Should I wait for lower mortgage rates before buying?
Based on current Fed projections and the inflation outlook, meaningful rate relief is unlikely before late 2026 at the earliest, and home prices in most markets continue to rise. Waiting for both lower rates and lower prices may mean waiting through 2027 or beyond — and home prices may be higher then even if rates are lower. The traditional wisdom applies: marry the house, date the rate. Buy when you find the right home and refinance later if rates fall meaningfully.
Should I refinance my mortgage now?
A refinance generally makes sense when the new rate is at least 75–100 basis points below your current rate, you plan to stay in the home long enough to recoup closing costs (typically 2–4 years), and the monthly savings are meaningful relative to those costs.

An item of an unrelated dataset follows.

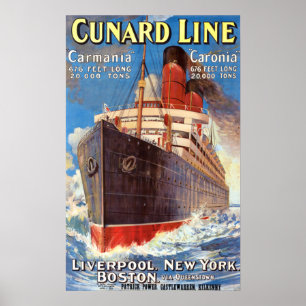 POSTER DE VOYAGE vintage OCEAN LINER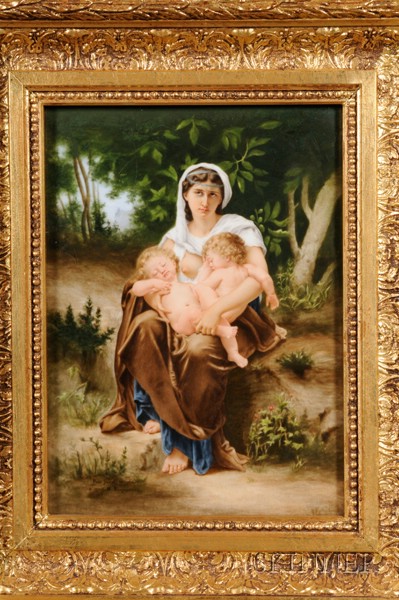 Appraisal: KPM Plaque of a Mother with Two Children After Bougereau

For homeowners with mortgages above 7% from 2023, today’s rates around 6.23% may meet that threshold. For anyone with a sub-5% mortgage from before 2022, refinancing is not likely to make sense in 2026 unless rates drop far more than the dot plot projects.
What is the MBR Housing Affordability Index?
The MBR Housing Affordability Index combines current 30-year mortgage rates, median home prices, and median household income into a single index value showing how affordable housing is. A reading of 100 means a household earning the median income has exactly enough to qualify for a median-priced home; readings above 100 indicate housing is more affordable, and readings below 100 indicate it is less affordable. The index is published nationally and by state, with state-level readings revealing the wide affordability gap between Southern and Midwestern states (typically the most affordable) and West Coast and Northeast states (typically the least affordable).